“I love coming to work every day!” exclaimed the 81- year old dealer. No doubt and he definitely still had plenty of gas left in his tank! Energetic and mentally sharp, his idea of “retirement” was to come in to work at 10:00 a.m. (“but I stay at least until 5:00 p.m.”). As the founder of his dealership empire, he was extremely proud of what he had accomplished and still felt he could contribute and run the business if he had to. So what’s the problem?
The problem is that each of the dealers I worked with, who are in this situation, wanted his son (or daughter) to take over the business eventually and continue his legacy. In working with auto dealers for the past 25 years, I have had this type of conversation on many occasions. I have therefore seen successful transitions between generations, but all too often, I have witnessed disasters, both for the dealership and the family. The questions therefore are, “will your son/daughter be ready when the time comes” and “is your involvement sabotaging your succession plans?” Frequently, the first answer is “no” or at best, the transition would not be smooth. The decisions you make as to your involvement will definitely impact the successful transition of your business. So, what needs to happen in order for your legacy to continue successfully?
First of all, as the patriarch, you must realize that you cast a very big shadow.
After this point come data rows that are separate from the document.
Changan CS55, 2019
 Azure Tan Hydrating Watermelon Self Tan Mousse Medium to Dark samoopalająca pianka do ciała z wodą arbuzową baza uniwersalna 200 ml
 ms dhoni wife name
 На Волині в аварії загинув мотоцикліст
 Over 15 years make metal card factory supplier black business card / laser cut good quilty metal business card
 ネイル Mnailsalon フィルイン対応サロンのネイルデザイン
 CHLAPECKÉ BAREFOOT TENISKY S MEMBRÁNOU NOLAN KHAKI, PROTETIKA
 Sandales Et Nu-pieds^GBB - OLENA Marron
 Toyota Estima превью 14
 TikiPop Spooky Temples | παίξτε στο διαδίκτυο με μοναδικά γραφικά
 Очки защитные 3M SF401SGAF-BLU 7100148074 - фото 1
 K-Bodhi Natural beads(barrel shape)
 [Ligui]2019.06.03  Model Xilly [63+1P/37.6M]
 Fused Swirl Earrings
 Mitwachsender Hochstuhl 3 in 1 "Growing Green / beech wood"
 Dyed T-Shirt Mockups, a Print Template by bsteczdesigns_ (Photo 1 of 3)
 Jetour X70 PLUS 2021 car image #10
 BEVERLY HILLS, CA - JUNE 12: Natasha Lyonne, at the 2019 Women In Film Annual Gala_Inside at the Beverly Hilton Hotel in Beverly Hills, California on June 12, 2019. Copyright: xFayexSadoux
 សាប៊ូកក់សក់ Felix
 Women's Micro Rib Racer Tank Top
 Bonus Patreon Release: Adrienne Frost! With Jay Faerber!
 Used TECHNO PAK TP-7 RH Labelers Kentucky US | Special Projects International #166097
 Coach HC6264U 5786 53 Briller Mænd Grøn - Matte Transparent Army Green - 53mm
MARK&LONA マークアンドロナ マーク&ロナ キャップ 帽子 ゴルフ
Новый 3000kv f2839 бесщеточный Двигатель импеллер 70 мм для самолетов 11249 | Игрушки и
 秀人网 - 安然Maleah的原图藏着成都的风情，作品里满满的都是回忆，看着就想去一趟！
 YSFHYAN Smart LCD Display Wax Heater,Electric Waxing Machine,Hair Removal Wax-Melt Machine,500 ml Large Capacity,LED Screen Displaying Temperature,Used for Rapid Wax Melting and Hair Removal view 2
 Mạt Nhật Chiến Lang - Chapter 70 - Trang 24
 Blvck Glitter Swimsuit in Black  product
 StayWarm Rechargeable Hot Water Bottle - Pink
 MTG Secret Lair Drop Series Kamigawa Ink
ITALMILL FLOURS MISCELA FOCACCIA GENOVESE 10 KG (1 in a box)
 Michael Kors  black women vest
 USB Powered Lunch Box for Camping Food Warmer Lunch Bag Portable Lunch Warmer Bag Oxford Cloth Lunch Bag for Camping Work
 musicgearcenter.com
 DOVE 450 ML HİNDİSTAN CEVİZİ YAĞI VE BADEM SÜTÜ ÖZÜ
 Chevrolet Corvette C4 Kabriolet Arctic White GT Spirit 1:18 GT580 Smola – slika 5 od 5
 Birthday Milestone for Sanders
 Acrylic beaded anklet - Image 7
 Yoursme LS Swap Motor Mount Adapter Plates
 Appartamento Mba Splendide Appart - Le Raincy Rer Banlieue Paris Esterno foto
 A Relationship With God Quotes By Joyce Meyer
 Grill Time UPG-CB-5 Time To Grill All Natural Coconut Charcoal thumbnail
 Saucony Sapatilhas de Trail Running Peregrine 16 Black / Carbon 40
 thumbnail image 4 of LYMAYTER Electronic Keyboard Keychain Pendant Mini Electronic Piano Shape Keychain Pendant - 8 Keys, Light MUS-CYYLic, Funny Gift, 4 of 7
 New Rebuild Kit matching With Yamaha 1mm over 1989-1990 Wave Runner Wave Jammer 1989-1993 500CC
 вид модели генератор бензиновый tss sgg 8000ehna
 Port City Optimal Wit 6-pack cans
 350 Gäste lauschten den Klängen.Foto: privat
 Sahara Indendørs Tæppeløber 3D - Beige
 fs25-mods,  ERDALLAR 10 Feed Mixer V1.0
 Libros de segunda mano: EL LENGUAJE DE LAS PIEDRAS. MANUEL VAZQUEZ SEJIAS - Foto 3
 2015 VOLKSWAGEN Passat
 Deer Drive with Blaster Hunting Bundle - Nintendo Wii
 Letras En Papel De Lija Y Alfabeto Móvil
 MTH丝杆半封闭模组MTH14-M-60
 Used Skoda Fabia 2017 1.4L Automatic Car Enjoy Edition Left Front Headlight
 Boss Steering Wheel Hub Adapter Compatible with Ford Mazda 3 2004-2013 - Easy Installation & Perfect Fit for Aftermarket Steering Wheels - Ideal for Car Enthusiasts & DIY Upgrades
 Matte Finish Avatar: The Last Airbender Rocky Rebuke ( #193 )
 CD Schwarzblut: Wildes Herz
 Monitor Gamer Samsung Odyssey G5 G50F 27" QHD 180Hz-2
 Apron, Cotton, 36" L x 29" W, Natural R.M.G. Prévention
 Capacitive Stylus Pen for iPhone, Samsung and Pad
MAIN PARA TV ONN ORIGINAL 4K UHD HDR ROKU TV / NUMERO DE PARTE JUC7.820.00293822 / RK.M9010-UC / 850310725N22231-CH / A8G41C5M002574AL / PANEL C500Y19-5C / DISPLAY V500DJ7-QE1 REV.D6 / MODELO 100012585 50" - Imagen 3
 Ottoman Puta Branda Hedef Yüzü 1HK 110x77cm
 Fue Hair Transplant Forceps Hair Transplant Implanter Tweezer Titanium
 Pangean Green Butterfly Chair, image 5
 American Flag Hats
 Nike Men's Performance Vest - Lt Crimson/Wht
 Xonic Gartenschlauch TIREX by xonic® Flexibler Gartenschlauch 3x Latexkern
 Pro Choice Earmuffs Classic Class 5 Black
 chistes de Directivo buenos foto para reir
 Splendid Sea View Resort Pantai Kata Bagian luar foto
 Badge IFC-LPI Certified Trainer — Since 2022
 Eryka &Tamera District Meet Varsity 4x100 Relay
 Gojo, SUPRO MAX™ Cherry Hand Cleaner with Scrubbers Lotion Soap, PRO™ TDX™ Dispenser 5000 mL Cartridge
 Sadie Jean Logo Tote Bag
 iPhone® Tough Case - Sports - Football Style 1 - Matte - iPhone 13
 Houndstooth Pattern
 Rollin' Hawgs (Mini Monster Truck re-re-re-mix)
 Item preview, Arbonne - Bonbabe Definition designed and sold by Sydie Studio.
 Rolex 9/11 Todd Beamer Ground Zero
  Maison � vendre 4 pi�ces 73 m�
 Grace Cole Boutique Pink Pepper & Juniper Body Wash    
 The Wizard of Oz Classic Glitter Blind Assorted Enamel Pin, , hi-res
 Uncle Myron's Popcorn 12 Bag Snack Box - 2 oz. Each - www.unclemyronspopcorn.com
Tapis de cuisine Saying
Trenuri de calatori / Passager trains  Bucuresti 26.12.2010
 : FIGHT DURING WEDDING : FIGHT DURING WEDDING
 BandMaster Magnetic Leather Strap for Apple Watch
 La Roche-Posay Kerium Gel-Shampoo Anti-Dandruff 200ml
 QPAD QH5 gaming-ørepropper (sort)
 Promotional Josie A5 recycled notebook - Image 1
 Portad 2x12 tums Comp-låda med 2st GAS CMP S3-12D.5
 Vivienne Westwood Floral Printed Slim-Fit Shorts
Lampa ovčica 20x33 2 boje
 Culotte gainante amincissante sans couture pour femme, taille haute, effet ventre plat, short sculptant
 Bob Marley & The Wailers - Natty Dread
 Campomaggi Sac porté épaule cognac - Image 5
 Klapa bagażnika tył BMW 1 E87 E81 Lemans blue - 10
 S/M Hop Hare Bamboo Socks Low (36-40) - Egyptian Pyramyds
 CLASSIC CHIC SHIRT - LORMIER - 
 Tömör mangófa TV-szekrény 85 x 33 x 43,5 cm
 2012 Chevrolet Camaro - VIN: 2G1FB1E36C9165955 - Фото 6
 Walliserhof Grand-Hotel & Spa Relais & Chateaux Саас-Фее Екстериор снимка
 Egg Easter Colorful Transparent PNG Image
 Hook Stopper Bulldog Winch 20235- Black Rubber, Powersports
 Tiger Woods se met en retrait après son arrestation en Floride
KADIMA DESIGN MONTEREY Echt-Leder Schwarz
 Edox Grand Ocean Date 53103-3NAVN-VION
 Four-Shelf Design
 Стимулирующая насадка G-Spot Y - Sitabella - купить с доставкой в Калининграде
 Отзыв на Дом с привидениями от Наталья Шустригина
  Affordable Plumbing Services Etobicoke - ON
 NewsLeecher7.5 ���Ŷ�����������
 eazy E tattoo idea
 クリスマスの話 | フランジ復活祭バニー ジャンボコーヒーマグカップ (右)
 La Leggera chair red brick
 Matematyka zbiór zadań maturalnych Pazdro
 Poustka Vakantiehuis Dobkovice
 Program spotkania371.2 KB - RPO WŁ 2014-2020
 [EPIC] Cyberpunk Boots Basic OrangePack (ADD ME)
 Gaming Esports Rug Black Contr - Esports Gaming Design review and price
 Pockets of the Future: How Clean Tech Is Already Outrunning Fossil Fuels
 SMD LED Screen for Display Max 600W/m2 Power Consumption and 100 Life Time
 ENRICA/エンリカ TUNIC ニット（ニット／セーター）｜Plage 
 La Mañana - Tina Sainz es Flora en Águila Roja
It is often extremely difficult to be your son or daughter. Undoubtedly you are a very strong personality and you have been extremely successful, thus making it very difficult for your child to measure up to your accomplishments. Depending on your personality and management style, you may need to change things in order to give your son or daughter the opportunity to make the decisions that are necessary for preparing them to be able to run the dealership. If you are a very dominating personality or have a strong need to control, you need to look in the mirror and convince yourself that you must back off and give your son some space or your succession dream will one day become a nightmare.
It is likely that you are comparing your son to you and “look out” if he wants to do things differently. My experience is that most dealer fathers acknowledge that their son will need to do things differently but it is a whole different ball game when that actually happens!
So, what should the basis be for deciding whether or not doing things differently from Dad is acceptable? Certainly, profitability is key. If the business continues to maintain levels of profitability (along with acceptable CSI scores, market share, following legalities and manufacturer guidelines), then it is probable that your son has what it takes and his management style is working, even if it is different than yours.
It is one thing to try to train your child to be successful when they are in their 20’s or 30’s. It is quite a different thing to still be expecting significant change to happen when your child is in his/her 40’s or 50’s. By continuing to badger them to change at this point, you are only damaging your relationship and change is not likely to happen. I told one dealer (in his 70’s), “your son is 46, the die is cast – he is obviously his own man and wants to do things differently from the way you do things”. This son was definitely an accomplished General Manager and he definitely did things differently.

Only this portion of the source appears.